Finding Silence in Cairo, Egypt

A decade ago, I was sitting in the 6th-floor apartment in Vilnius, Lithuania. The apartment was in an old soviet ugly grey building area. However, inside of it it was cozy. Windows were overlooking a park with tall pines and a river flowing under them. The day was grey and cloudy. A gentle mist was raising up from the river. In that apartment I met a friend of a friend and we were drinking tea on a sofa. A flute was playing in the background and I think we talked about traveling. We agreed that the atmosphere reminded of Cairo. I hadn’t had been there yet then. “You know, you can travel to anywhere you want by not going anywhere. This is Cairo now.” It was so relaxed, mystical, and calm.

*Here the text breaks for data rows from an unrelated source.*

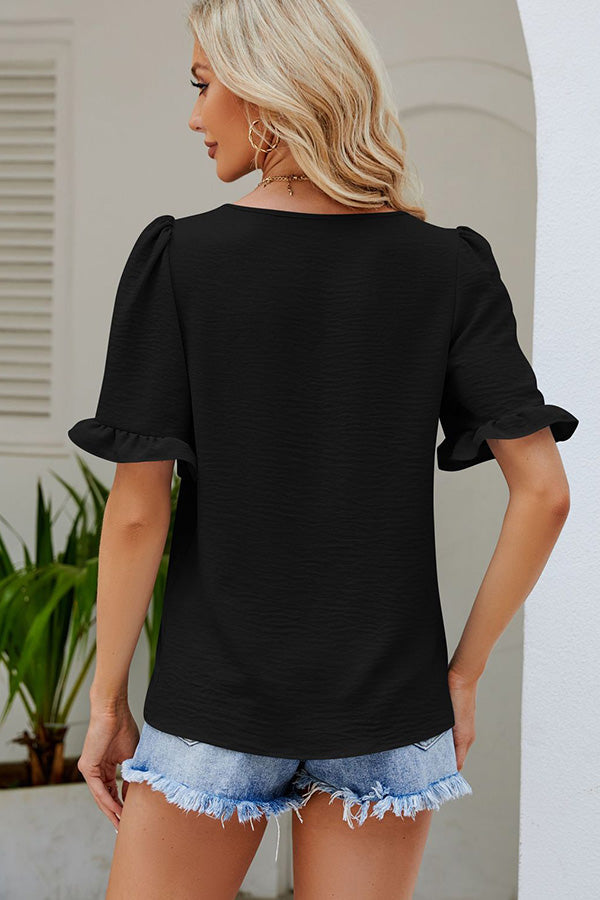 Square Neck Short Sleeve Casual Tops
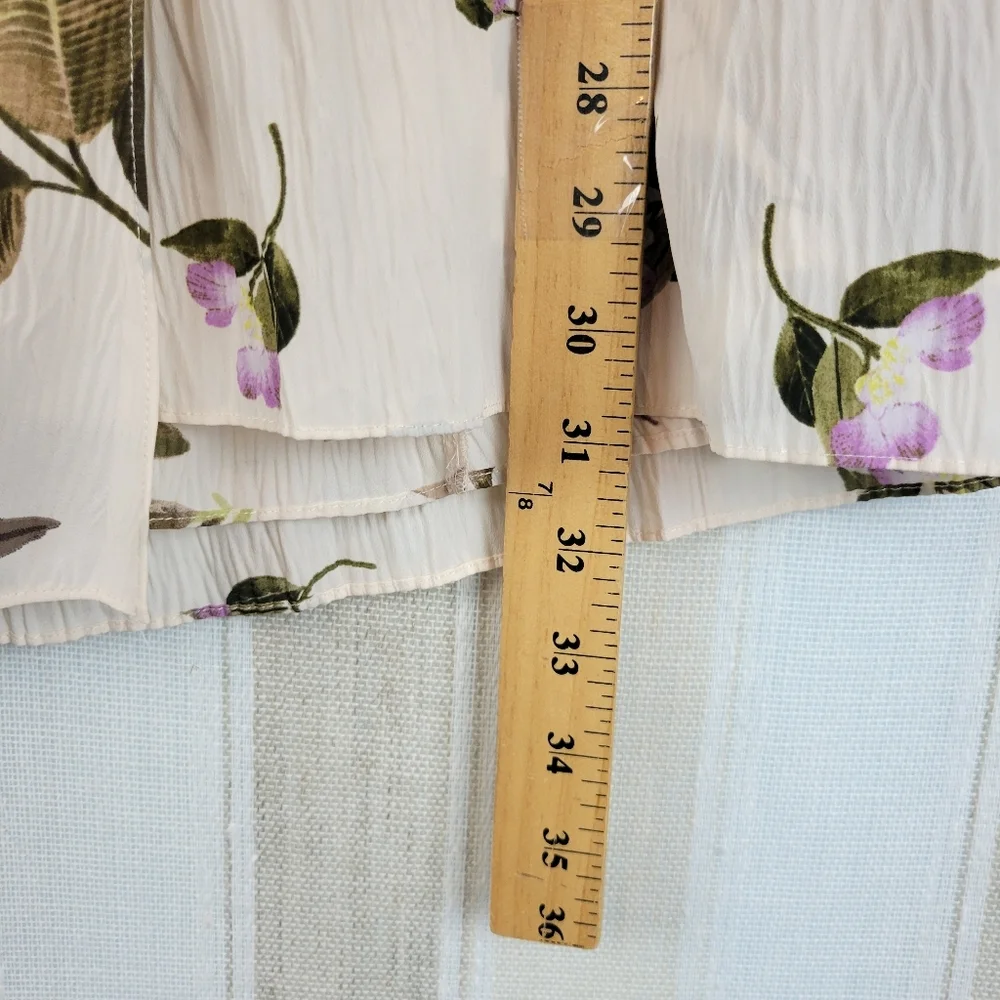 Vince Tropical Garden‎ Satin Skirt in Pale Alder Size 10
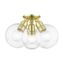 Satin Brass and Clear Glass 3-Light Globe Semi-Flush Mount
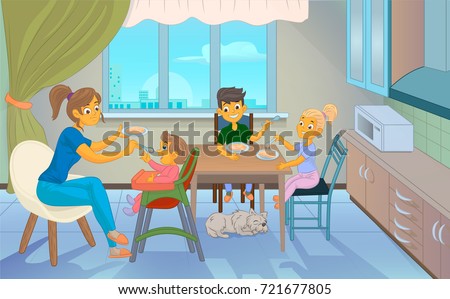 babysitter feeding kid in kitchen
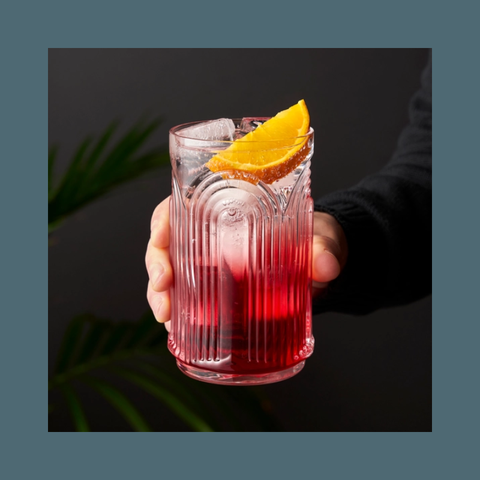 Art Deco Crystal Highball Glass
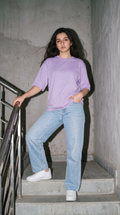 Lavender Oversized T-Shirt for Women – 240 GSM Cotton Terry Relaxed Fit Tee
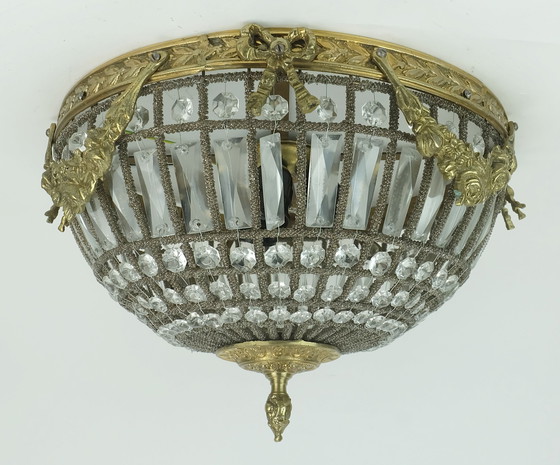 Image 1 of grande lampada da soffitto glamour anni '60 cristalli di vetro bronzo stile hollywood regency anni '60-'70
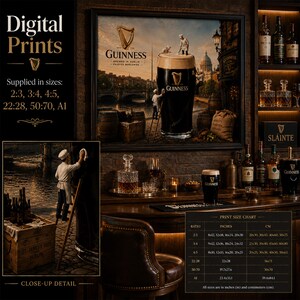Luxury Irish whiskey bar mockup showcasing Guinness-inspired wall art featuring a giant pint of stout along Dublin’s riverside. Miniature brewery workers carefully polish and construct the iconic pint while barrels and brewing supplies line the foreground. Surrounded by whiskey bottles, crystal decanters, and warm ambient lighting, with digital download details, close-up inset, and print size chart.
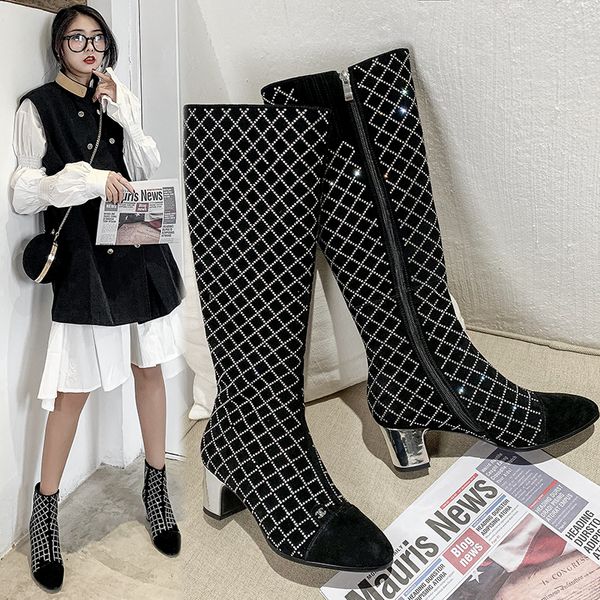 2021 women's long boots at the knee-boots of natural sheep's crystal suede europe and america ypuk, Black
2021 women's long boots at the knee-boots of natural sheep's crystal suede europe and america ypuk, Black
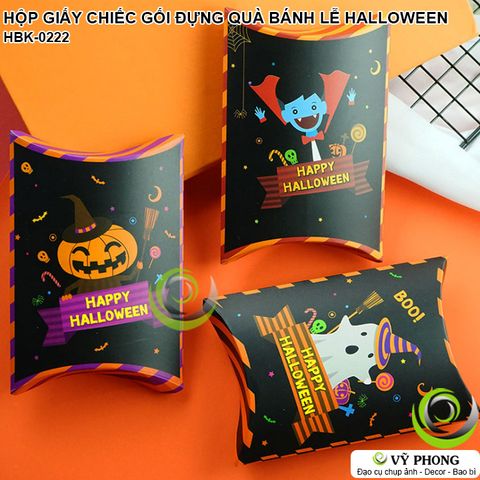  HỘP GIẤY HÌNH CHIẾC GỐI ĐỰNG BÁNH KẸO HALLOWEEN HỘP ĐỰNG QUÀ TẶNG IN HÌNH DRACULA PUMPKIN LỄ HỘI MA QUỶ HBK-0222 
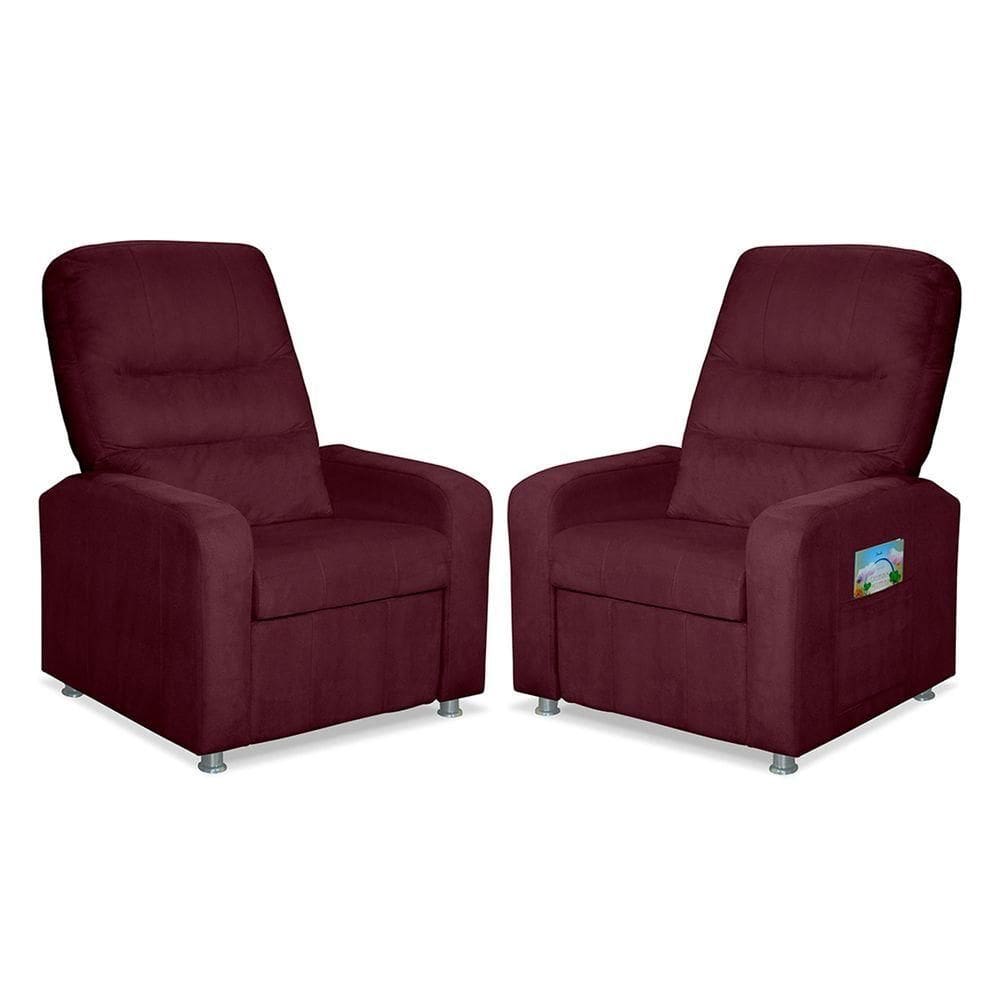 Kit 02 Poltronas Decorativas Do Papai Reclinável Confortável Suede Bordô - Lm Decor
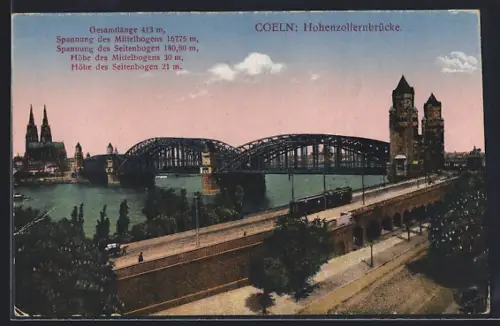 AK Coeln, Hohenzollernbrücke
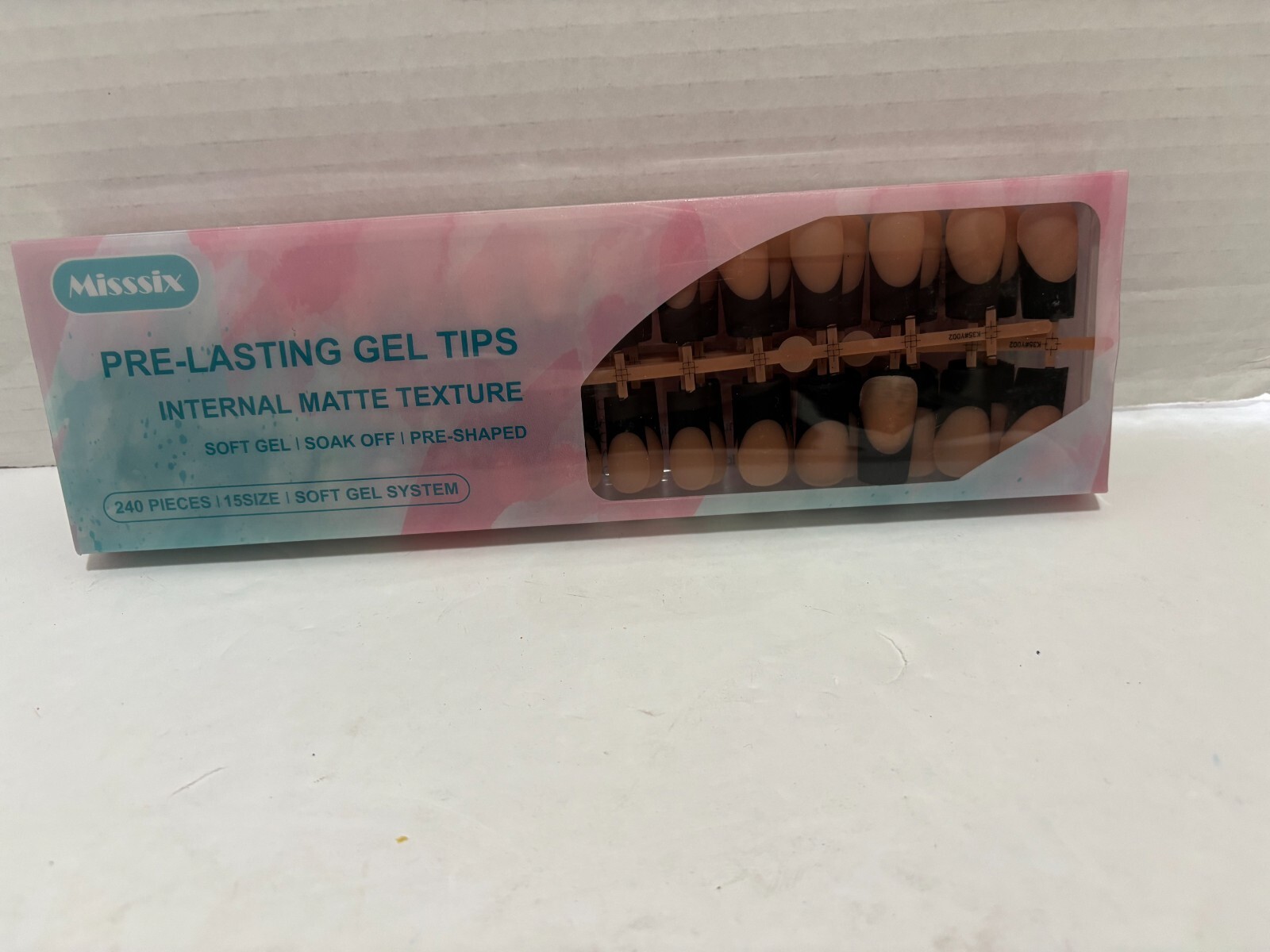 Misssix French Gel Nail Tips, 240 Count (Pack of 1), A-Long Square Black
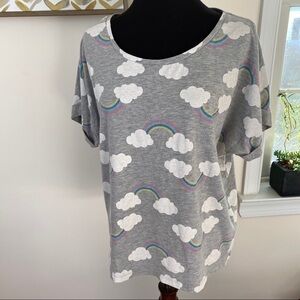ASOS rainbow cloud print cap sleeve top size Medium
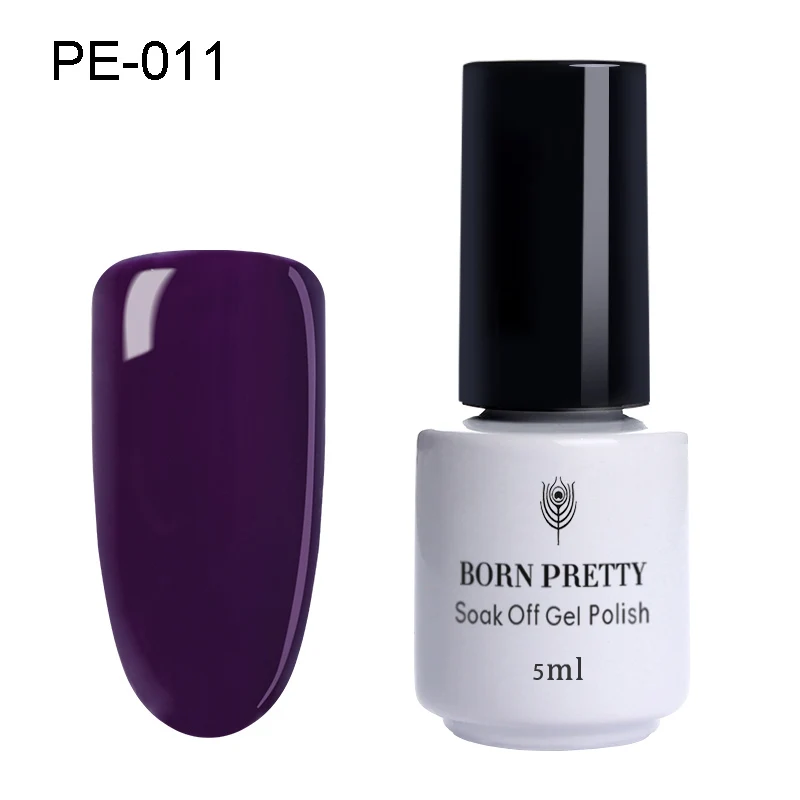Purple 011 BORN PRETTY/УФ-Гель-лак для ногтей красного, кофейного, фиолетового цвета, много серий, чистый цвет, отмачиваемый Гель-лак для ногтей, Гель-лак для ногтей 5 мл - Цвет: Purple 011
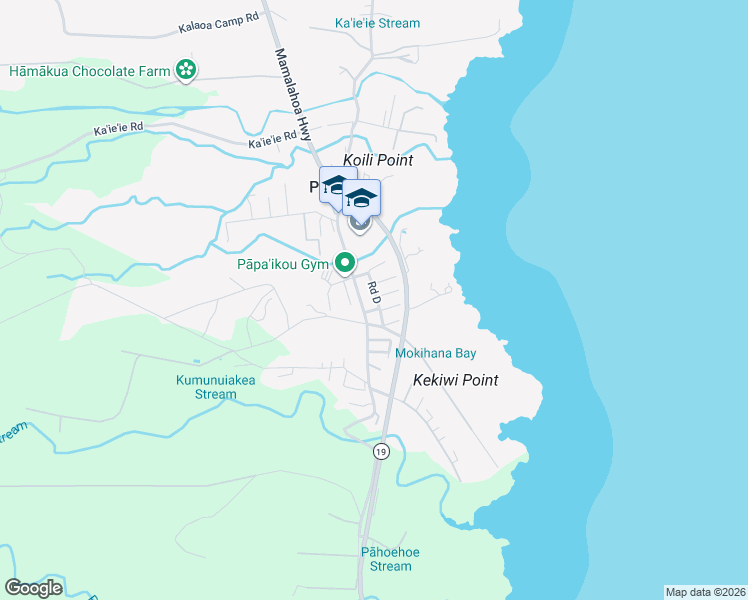 map of restaurants, bars, coffee shops, grocery stores, and more near 27-212 Road B in Papaikou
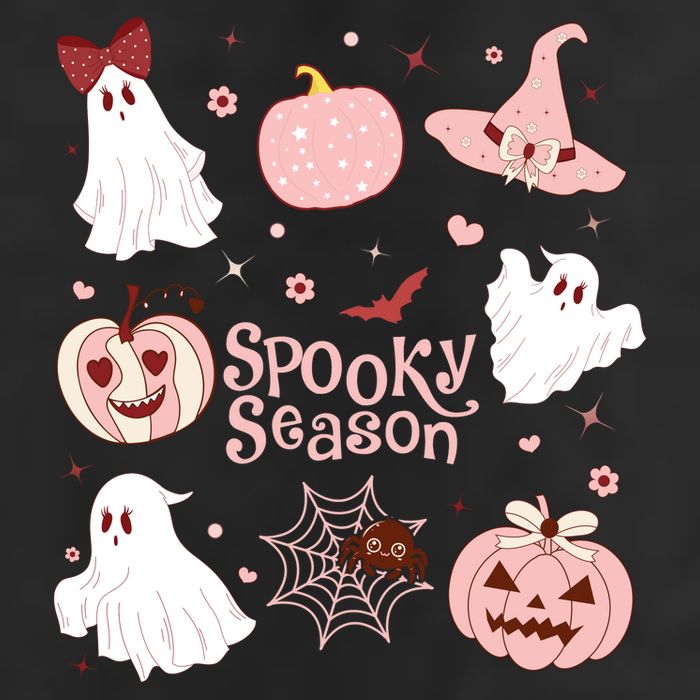 Cute Coquette Spooky Season 7 Panel Mesh Trucker Snapback Hat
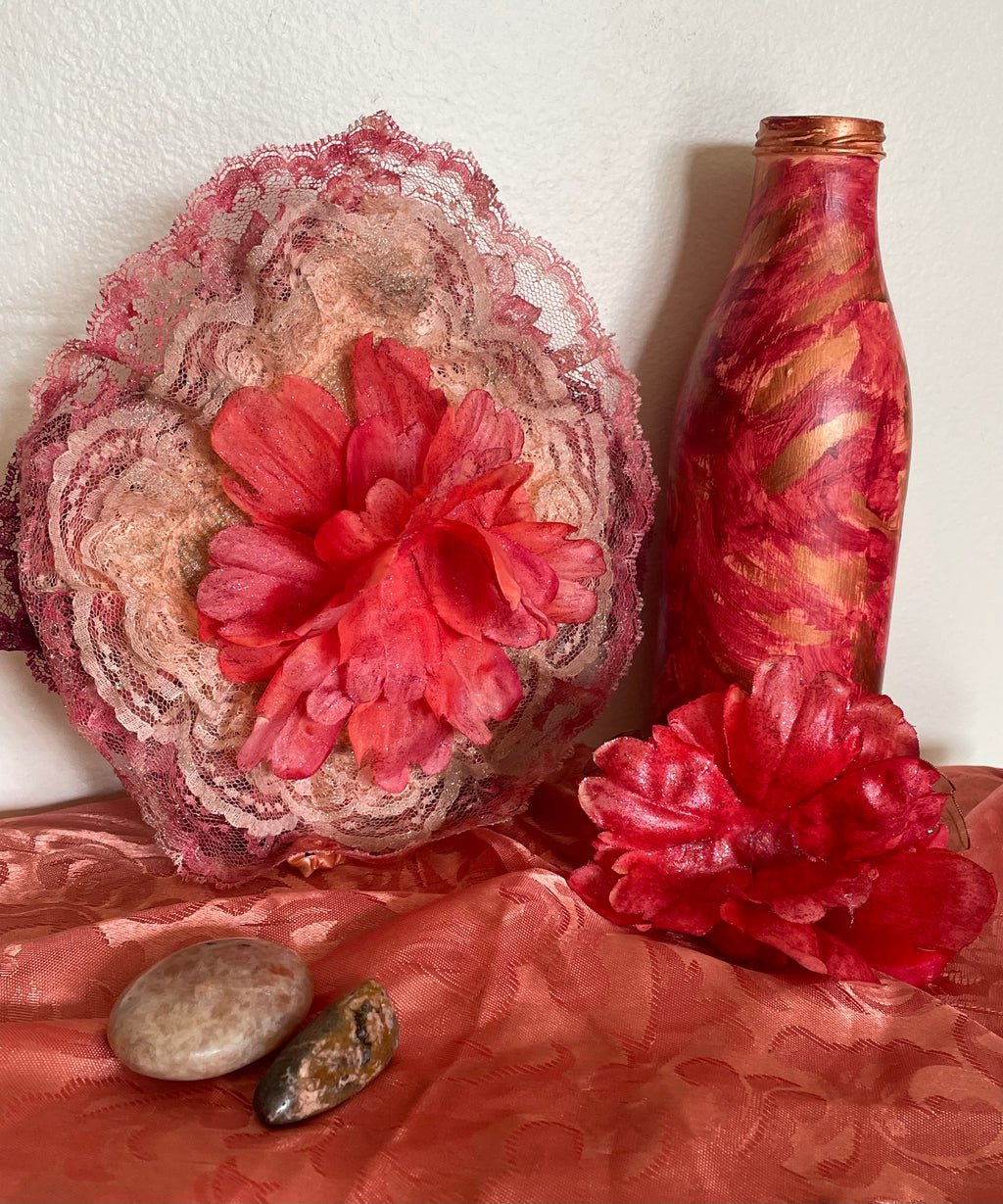 Blossoms And Petals Of Mystique Gypsy Bottle And Pillow Set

The real Cairo that I landed into was a river of noise and cars that were stuck in traffic and beeping beeping beeping. The hotel, I stayed in, was one of the tallest buildings on the shores of the Nile. There was a constant fog and smog above the city. My hotel rooms were on 29th and later on, the 26th floor. Changing rooms three times didn’t help to escape neither the noise, nor the cloud that swallowed the hotel and smelled like exhaust gases from vehicles. The building site nearby added loads of dust and forging sounds of metal.

The ground was even more tricky to navigate. The river of cars didn’t stop ever and crossing the street required getting into it. In a way, to become a driver of your body and act as if you are one of the cars. Being ultimately in that exact moment and seeing 180 degrees around you. Moving fast, seeing every millisecond of the possible gap in between the cars and acting without delay as the next opportunity might come in a while.

One of the last days, I went for a walk into the old town and walked down the streets of the local market. As expected, there were a lot of “Hello, welcome, where are you from, come see my shop”. After a while and thousand “no, thank you”, I appeared to be walking in a muddy part of the street. I naturally had to watch were I am going and lowered my head down. Suddenly, I became invisible to the sellers. I became a part of the noisy market human river that was flowing in between the tables of things. It felt as if suddenly everything became peaceful. Like finding some secret underground passage that takes you unseen through the streets of Cairo.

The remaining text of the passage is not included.